Acceptance Criteria¶
- AC1: No Python stacktraces in openqa-gru service logs for known errors
- AC2: openQA users have access to the details from openqa-clone-job, e.g. in the openQA job comment written by openqa-trigger-bisect-jobs
Suggestions¶
- Confirm what is causing Python stacktraces to show up in log files
- Redirect logs to /dev/null
- Catch the error and propagate it to openqa investigate and write a comment on the job
- Be aware that we have openqa-investigate (bash) and openqa-trigger-bisect-jobs (python) both calling openqa-clone-job which in both cases fail the same way
- We need to find a way to propagate the information in both differing implementations with focus on preventing the python stack trace which is only coming from openqa-trigger-bisect-jobs. In the worst case don't fix the bash script as the python stacktrace comes from the python script
Updated by nicksinger 2 months ago
- Copied from action #174580: [FIRING:1] Failed systemd services alert added
Updated by okurz about 2 months ago
- Target version changed from Ready to Tools - Next
Updated by okurz about 1 month ago
- Target version changed from Tools - Next to Ready
Updated by ybonatakis 25 days ago
- Status changed from Workable to In Progress
- Assignee set to ybonatakis
Updated by openqa_review 24 days ago
- Due date set to 2025-02-21
Setting due date based on mean cycle time of SUSE QE Tools
Updated by ybonatakis 24 days ago · Edited
livdywan wrote in #note-9:
What's the current state of this?
- Did you run the unit test?
No yet
- Which jobs if any did you look at to reproduce it?
Random choices among others
1551 ./openqa-trigger-bisect-jobs -vvvvv --dry-run --url https://openqa.suse.de/tests/16684753
1552 ./openqa-trigger-bisect-jobs -vvvvv --dry-run --url https://openqa.suse.de/tests/16079005
1553 ./openqa-trigger-bisect-jobs -vvvvv --dry-run --url https://openqa.suse.de/tests/16365265
1554 ./openqa-trigger-bisect-jobs -vvvvv --dry-run --url https://openqa.suse.de/tests/15839520
1555 ./openqa-trigger-bisect-jobs -vvvvv --dry-run --url https://openqa.suse.de/tests/16081737
1556 ./openqa-trigger-bisect-jobs -vvvvv --dry-run --url https://openqa.suse.de/tests/15873161
1557 ./openqa-trigger-bisect-jobs -vvvvv --dry-run --url https://openqa.suse.de/tests/5275480
1558 ./openqa-trigger-bisect-jobs -vvvvv --dry-run --url https://openqa.suse.de/tests/15839456
1559 ./openqa-trigger-bisect-jobs -vvvvv --dry-run --url https://openqa.suse.de/tests/16137625
- What else did you look into?
Some not related stuff. there was a chat on slack. I am told to focus on ./openqa-trigger-bisect-jobs.

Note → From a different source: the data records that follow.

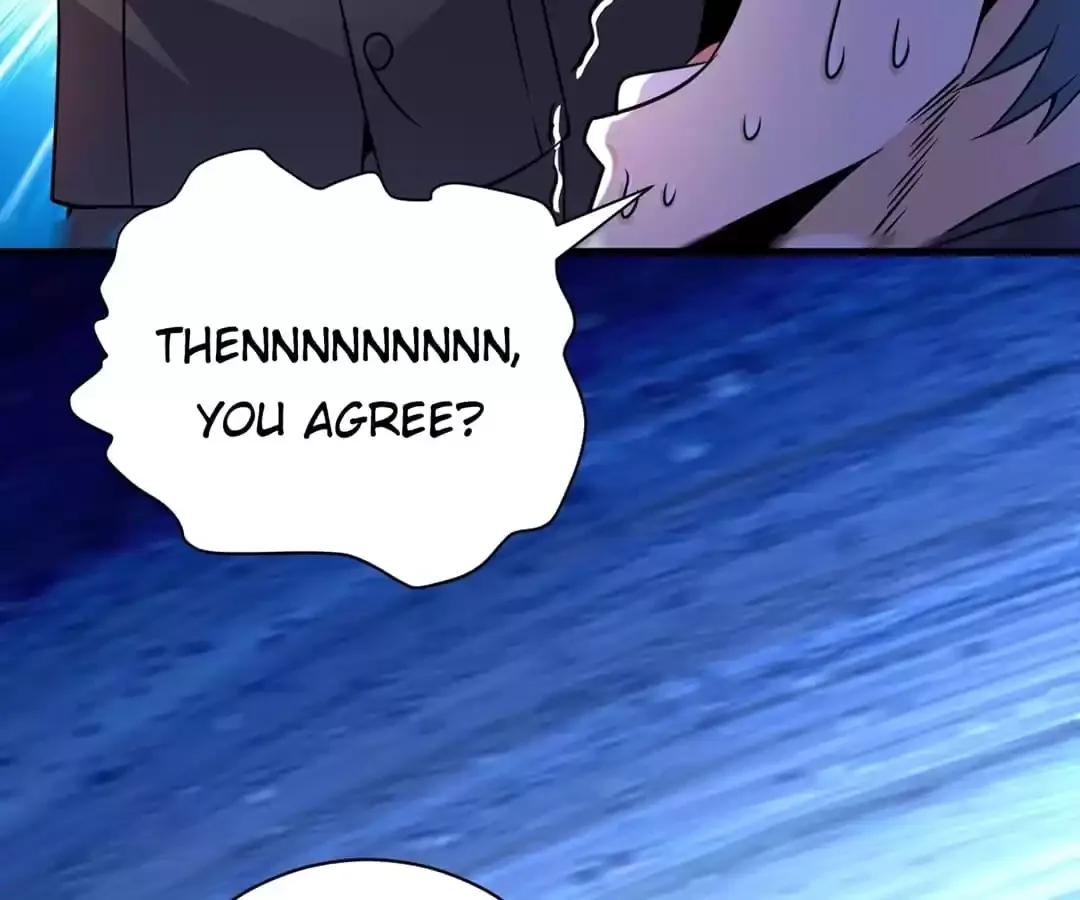 Heaven Defying God of War Chapter 34 page 13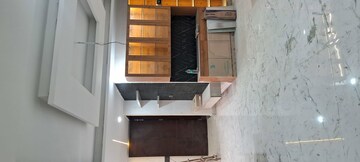 Kitchen in 4 BHK Builder Floor at Aman Vihar – for Sale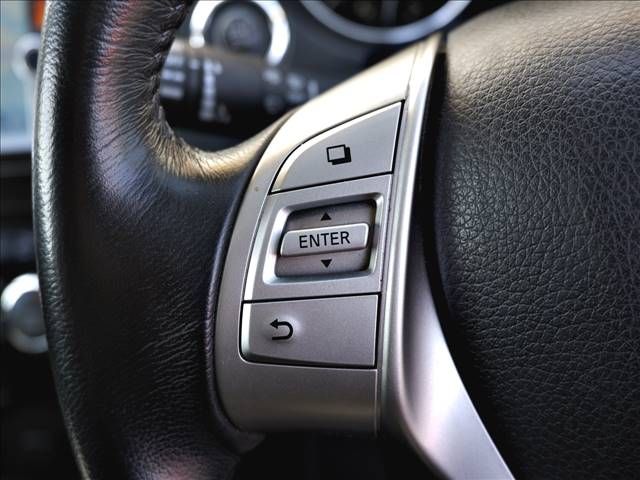 Nissan X-TRAIL 2014-02 1336-4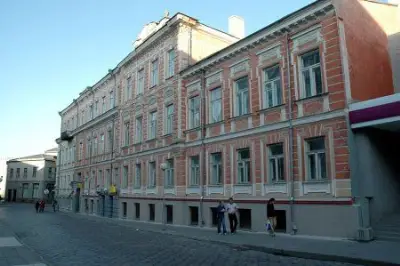 Суд окружной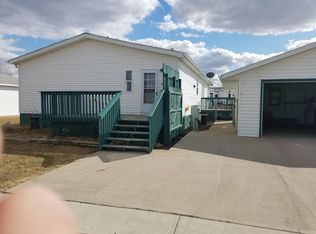4300 16th Ave SE, Minot, ND 58701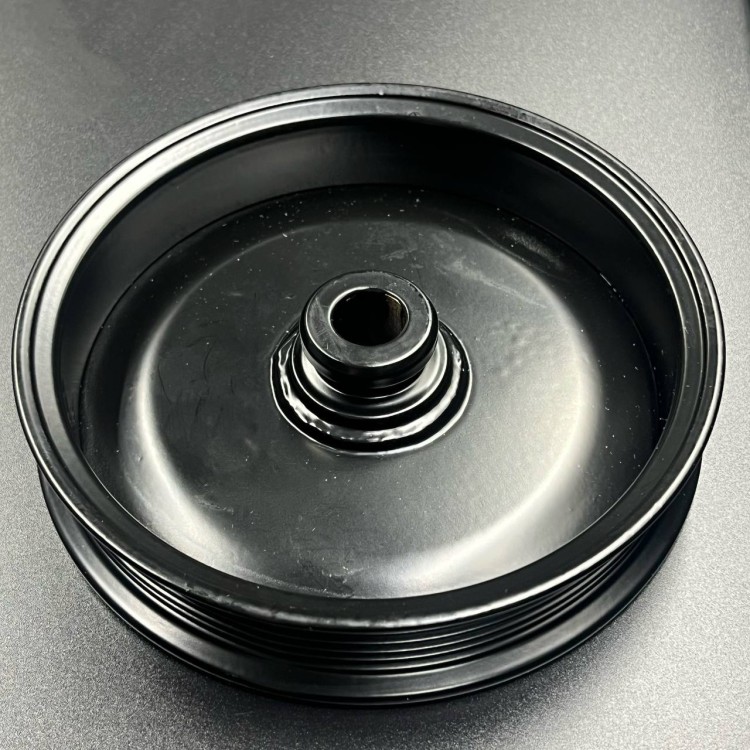 Шкив помпы охлаждения  Mercruiser  (JSP), арт. 862351T-K,          JSP 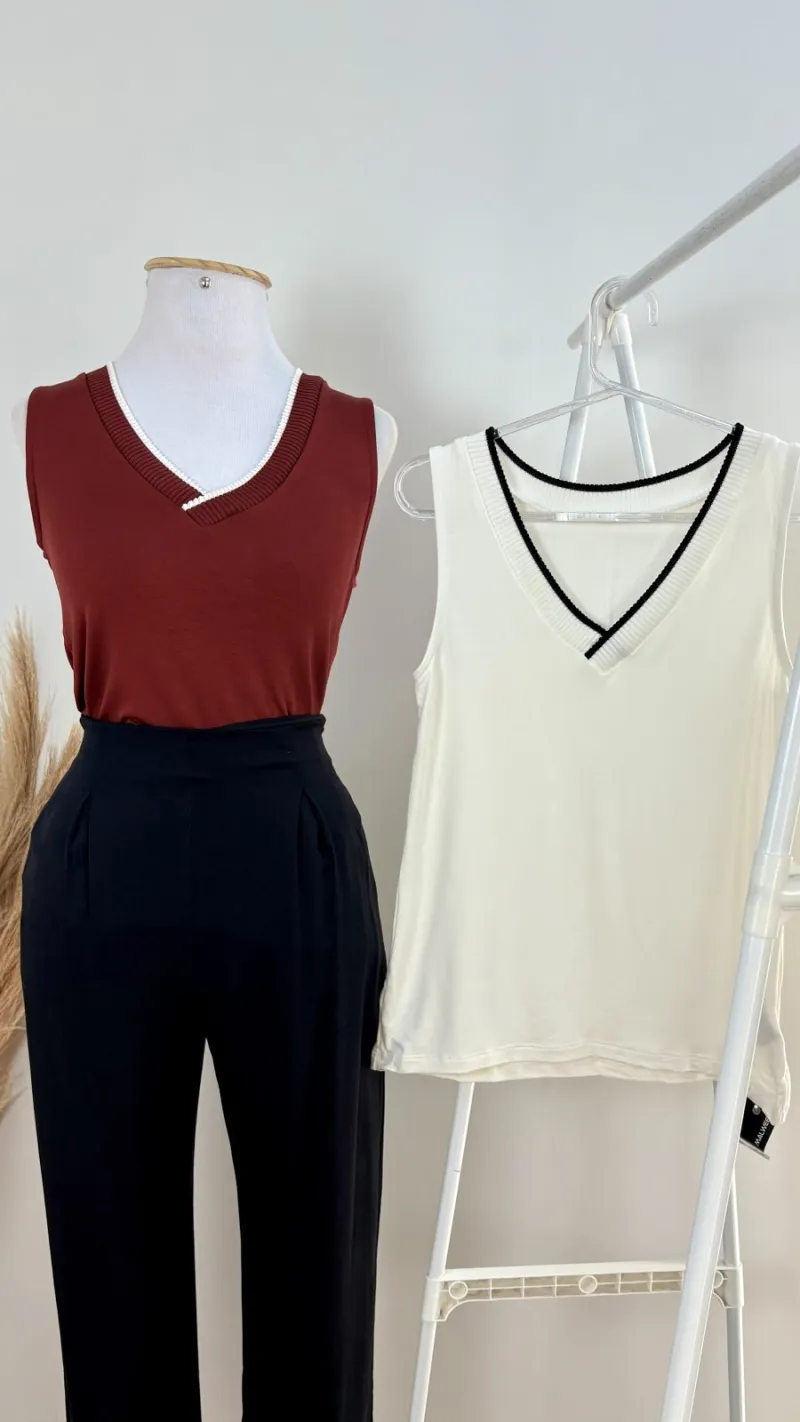 BLUSA FEMININO SM
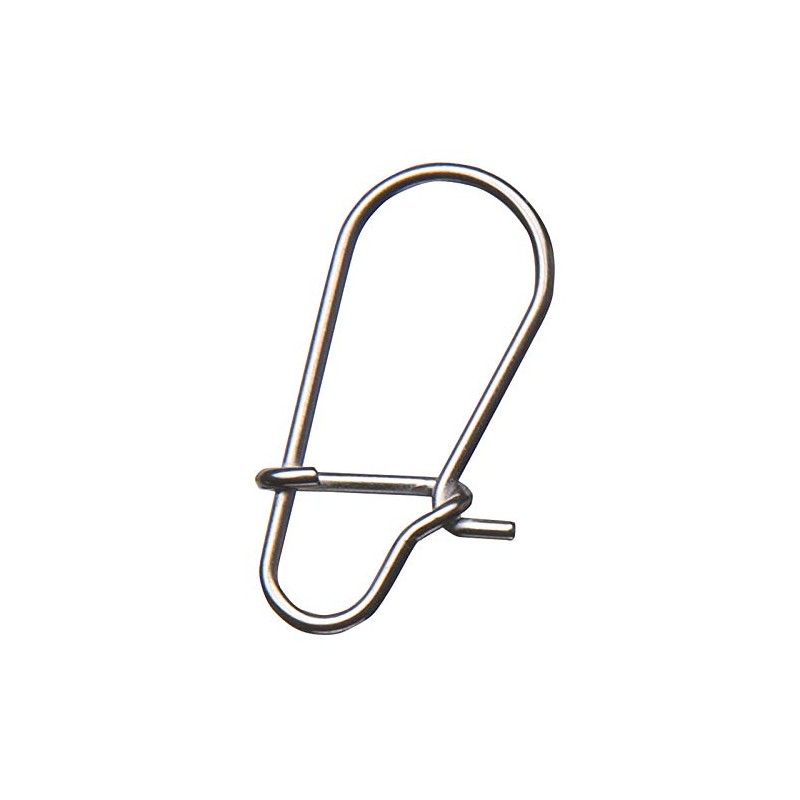 Daiwa Tournament D Snap, 20kg M 10 pcs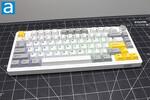 Epomaker TH80 V2 Keyboard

I looked into the osd logs and checked subprocess module (also wrote about it on slack). I tried to run debugger and that's all so far
Updated by okurz 24 days ago · Edited
your quoting in the above comment is broken. Please fix that DONE
Regarding the testing approach I recommend to first get tests/test_trigger_bisect_jobs.py to run in your environment, then make it fail by adding according mocked calls of openqa-clone-job returning the error string and triggering the unhandled stack trace, then catch the exception in openqa-trigger-bisect-jobs
Updated by ybonatakis 24 days ago
Updated by ybonatakis 20 days ago
I have added a third commit with the changes following comments suggestions. The test only makes sure that in raising Exception exits and the logs have the logged error. I will have to make a manual test tomorrow and give it for reviews
Updated by ybonatakis 19 days ago
Another commit (draft) https://github.com/os-autoinst/scripts/pull/376
I tried to get the feedback from the unblock meeting in this one, without ignore the comments from https://github.com/os-autoinst/scripts/pull/375.
The PR as it is now is missing the openqa_comment
(AC2). The main reason is because it makes the test fail in the current logic.
Updated by okurz 17 days ago
https://github.com/os-autoinst/scripts/pull/377 was merged with changes from ybonatakis included. You can now focus on AC2. Please use TDD and feel welcome to show us the failing test code before diving into the implementation
Updated by ybonatakis 17 days ago
is it right to assume that the AC2 occurs only on because the repositories for the below updates are unavailable
?
Updated by ybonatakis 14 days ago
https://github.com/os-autoinst/scripts/pull/378 (not-ready) for AC2
Updated by ybonatakis 14 days ago
- Status changed from In Progress to Feedback
ybonatakis wrote in #note-19:
https://github.com/os-autoinst/scripts/pull/378 (not-ready) for AC2
ready for review
Updated by ybonatakis 13 days ago
- Status changed from Feedback to Resolved
writeup:¶
Modify the call
. check_output runs with check
parameter as True. With check enabled, a non-zero exit code will raise an Exception.
Tina replaced check_output
with run
and separating the output for better handling. call
will always return the stdout or an Exception.
The underline problem solved by catching the exception in main, where openqa_clone
is called. The Exception handles a known error[0] with exiting the script
and by raising another stack trace for all the other unknown ones.
Completed the task with sending a comment to the investigated job before exiting the known issue
Tests are enhanced to cover all the above